— Вариации, — сказал Пирс. — Урок для всех нас.
— Да. И самки ведут их в море.
— Потрясающе.
— Да. Значит, даже если должны быть мужчины и женщины, они не обязаны всегда делать те же мужские и женские дела. — Она зашагала быстрее, чем он мог, быть может, устав от его темпа, но потом она повернулась и снова улыбнулась ему, а ее ясные глаза были серьезными и мудрыми. — Я знаю почти все.
Пирс остановился. Окрашенные в белый цвет валуны указывали путь наверх. Он не помнил ничего из того, что произошло в то утро много лет назад, в пору его безумия, когда он карабкался на вершину, но не добрался до нее: или, скорее, того, что он помнил, больше здесь не было
[673]. Но, безусловно, здесь что-то взяло его за руку, что-то или кто-то, какое-то существо, знавшее обо всех его неудачах, и заговорило с ним. Не твоя то забота
[674]. Тогда стоял первый день зимы. По дороге ему повстречалась собака. И в первый раз он понял, где находится и что может идти вперед, повернув назад: может найти выход из лабиринта сердца, своего сердца, путь в рай мира: непрочный, скорбный, неполноценный рай, бесконечный и единственный, который он или кто-нибудь другой в состоянии познать.

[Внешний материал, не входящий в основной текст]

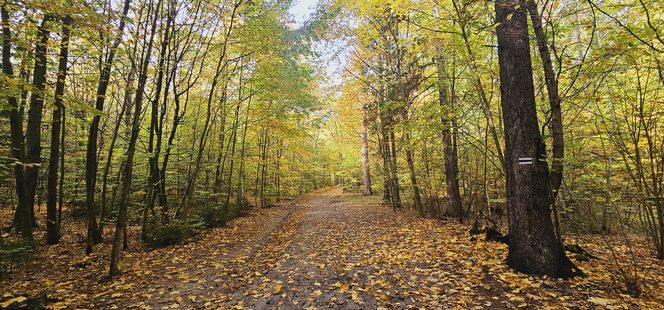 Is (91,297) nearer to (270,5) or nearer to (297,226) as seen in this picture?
(297,226)

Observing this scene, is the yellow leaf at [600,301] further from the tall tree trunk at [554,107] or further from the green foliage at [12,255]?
the green foliage at [12,255]

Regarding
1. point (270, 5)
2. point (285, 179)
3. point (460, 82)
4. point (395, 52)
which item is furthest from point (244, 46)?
point (285, 179)

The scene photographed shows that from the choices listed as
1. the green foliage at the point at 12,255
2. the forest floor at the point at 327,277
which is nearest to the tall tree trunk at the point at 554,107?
the forest floor at the point at 327,277

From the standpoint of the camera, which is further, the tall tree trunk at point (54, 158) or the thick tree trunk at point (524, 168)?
the tall tree trunk at point (54, 158)

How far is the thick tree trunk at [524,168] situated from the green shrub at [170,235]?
8.21 meters

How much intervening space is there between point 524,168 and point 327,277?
12.1ft

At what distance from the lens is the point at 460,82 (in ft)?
29.9

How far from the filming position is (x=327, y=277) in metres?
5.00

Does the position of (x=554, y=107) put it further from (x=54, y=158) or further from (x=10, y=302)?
(x=54, y=158)

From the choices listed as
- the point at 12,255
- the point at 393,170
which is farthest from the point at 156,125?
the point at 393,170

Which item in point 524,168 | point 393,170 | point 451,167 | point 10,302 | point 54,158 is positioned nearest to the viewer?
point 10,302

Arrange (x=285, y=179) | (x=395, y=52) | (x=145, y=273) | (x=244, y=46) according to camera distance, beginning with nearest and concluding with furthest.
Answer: (x=145, y=273)
(x=244, y=46)
(x=395, y=52)
(x=285, y=179)

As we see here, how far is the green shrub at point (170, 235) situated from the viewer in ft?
25.9

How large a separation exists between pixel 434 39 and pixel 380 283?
696 cm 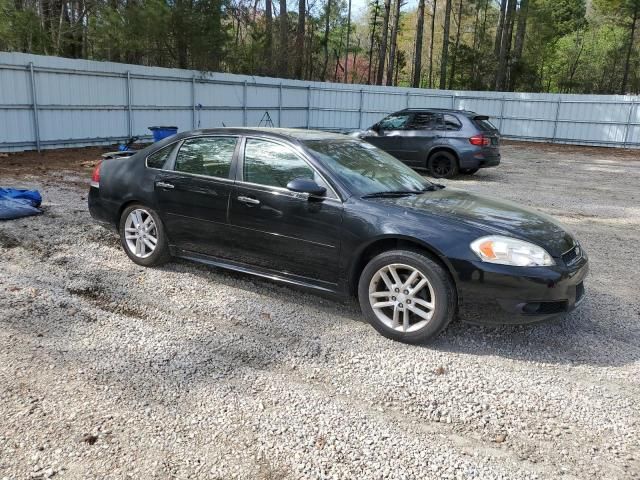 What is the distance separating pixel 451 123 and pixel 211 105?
904 cm

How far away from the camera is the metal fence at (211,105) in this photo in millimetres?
13734

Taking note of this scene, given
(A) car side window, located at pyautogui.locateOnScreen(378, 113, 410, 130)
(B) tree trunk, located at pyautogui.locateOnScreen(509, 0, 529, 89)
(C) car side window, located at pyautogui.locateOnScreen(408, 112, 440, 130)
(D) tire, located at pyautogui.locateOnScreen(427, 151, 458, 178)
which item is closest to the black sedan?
(D) tire, located at pyautogui.locateOnScreen(427, 151, 458, 178)

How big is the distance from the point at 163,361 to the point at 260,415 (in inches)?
37.0

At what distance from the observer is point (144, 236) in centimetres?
552

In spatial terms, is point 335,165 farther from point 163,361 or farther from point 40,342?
point 40,342

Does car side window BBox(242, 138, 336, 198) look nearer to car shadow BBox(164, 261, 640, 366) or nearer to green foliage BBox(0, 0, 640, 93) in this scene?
car shadow BBox(164, 261, 640, 366)

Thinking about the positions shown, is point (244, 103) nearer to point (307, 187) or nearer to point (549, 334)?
point (307, 187)

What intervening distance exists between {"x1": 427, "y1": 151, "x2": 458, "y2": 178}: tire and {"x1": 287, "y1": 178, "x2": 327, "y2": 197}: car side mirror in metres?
9.14

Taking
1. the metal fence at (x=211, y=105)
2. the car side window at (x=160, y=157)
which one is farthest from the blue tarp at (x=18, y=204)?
the metal fence at (x=211, y=105)

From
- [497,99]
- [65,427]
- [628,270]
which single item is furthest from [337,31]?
[65,427]

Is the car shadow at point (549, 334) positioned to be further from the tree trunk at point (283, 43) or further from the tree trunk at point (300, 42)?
the tree trunk at point (300, 42)

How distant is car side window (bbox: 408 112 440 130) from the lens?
13141mm

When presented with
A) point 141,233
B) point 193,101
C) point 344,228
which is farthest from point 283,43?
point 344,228

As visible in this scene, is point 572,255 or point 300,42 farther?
point 300,42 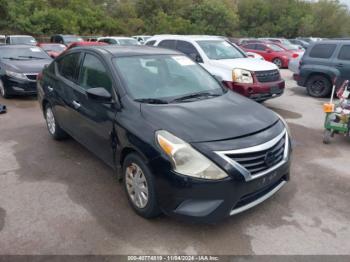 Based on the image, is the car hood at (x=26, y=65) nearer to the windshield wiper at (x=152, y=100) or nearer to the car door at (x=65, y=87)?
the car door at (x=65, y=87)

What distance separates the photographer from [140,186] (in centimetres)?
327

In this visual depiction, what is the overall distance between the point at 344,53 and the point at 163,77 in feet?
23.8

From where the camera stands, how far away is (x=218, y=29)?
44.4 m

Спустя какое-то время ребенок взял его за руку. Ру и девочки подошли к нему и потащили за собой. Карабкаясь вверх, Ру пела детям песню, старую песню:
Сначала есть гора
А потом нет горы
Потом они вышли из леса, и перед ними оказался высокий крутой луг. Несколько больших крапчатых валунов, эксцентрических пришельцев, оставленных прошедшими еще до начала мира ледниками, незаконно разлеглись среди мягкой травы; выступы преображенного камня торчали из кожи земли, как сломанные при сложном переломе кости. Тропинка исчезла, быть может, потому, что и так было ясно, куда идти, чтобы добраться до вершины. Поднялся ветер, вершинный ветер.
— Старая мать Западный Ветер
[676], — сказал Пирс.
— И Маленький Ветерок, — сказала Вита, кивая с торжественной уверенностью.
— А это что? — сказала Мэри, всегда готовая к опасностям, и остановила отца и сестру.
— Что?
— Это.
Появился звук, которого не было прежде, меняющийся и негромкий, словно ветер в пещере, подумал Пирс; или нет, он казался не совсем естественным, но и не механическим, не гулом далеких фабрик или пролетающей «Цессны». И он был приятным.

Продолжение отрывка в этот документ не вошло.